Hello Marc,
>>> The key word is singleton. If a resource class is a singleton then
>>> you only have one instance. For performance that instance needs to
>>> be reentrant. If you just inject an int then all threads servicing
>>> concurrent requests will see the same value. Also injection only
>>> happens at object creation time so only values from the first
>>> request are injected. See the problem ?
>> Yes, I see that, for the case, that the resource classes are singeltons.
>> But the specification says, that "A new resource class instance is
>> created for each request to that resource." (section "Resource
>> Classes", subsection "Lifecycle and Environment"). If a new instance
>> is newly created for every HTTP request, than it's not a singelton.
>> Or do I miss something?
> Good catch. I think that per-request should be the default lifecycle
> but we shouldn't prevent others like singleton being used. E.g. an
> implementation that defers to Spring for resource class instantiation
> should be able to use any of the Spring-defined lifecyles.
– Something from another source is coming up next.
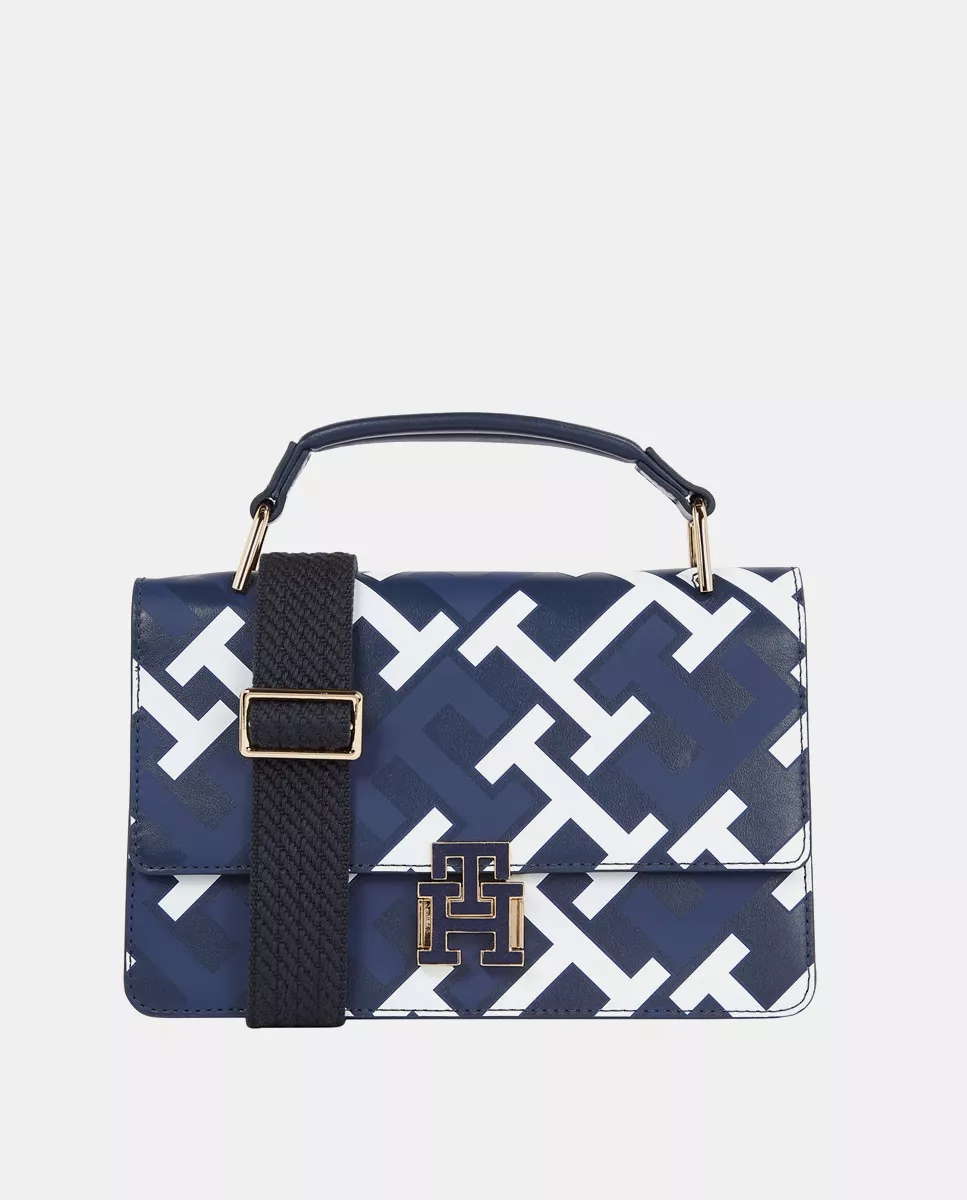 Tommy Hilfiger - Bolso De Mano Mediano De Piel Con Monograma De La Marca Multicolor En Oferta Tommy Hilfiger - Bolso De Mano Mediano De Piel Con Monograma De La Marca Multicolor Barato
ok, that's another question, if this should be so. I think you should
think about if it is useful to allow instance variables and so on on
(sub) resource classes, but forbid it on root resource classes.
Than the sentence "A new resource class instance is created for each
request to that resource." (section "Resource Classes", subsection
"Lifecycle and Environment") should be precised, that this is not valid
for root resource classes. In my understanding every root resource class
is also a root resource class (also if not explicit defined, but the
word construction intends this. Also the last sentence of subsection
"Constructors" of section "Resource Classes" intends this, because it
explicit talks of non-root resource classes.
If a root resource class is not always a resource class, this must
explicit defined at the points in the specification, where there is a
difference.
A better way (IMO) for this is to rename the (non-root) "resource class"
in "sub resource class" (or something like this) and define "resource
class" as both (sub and root resource classes).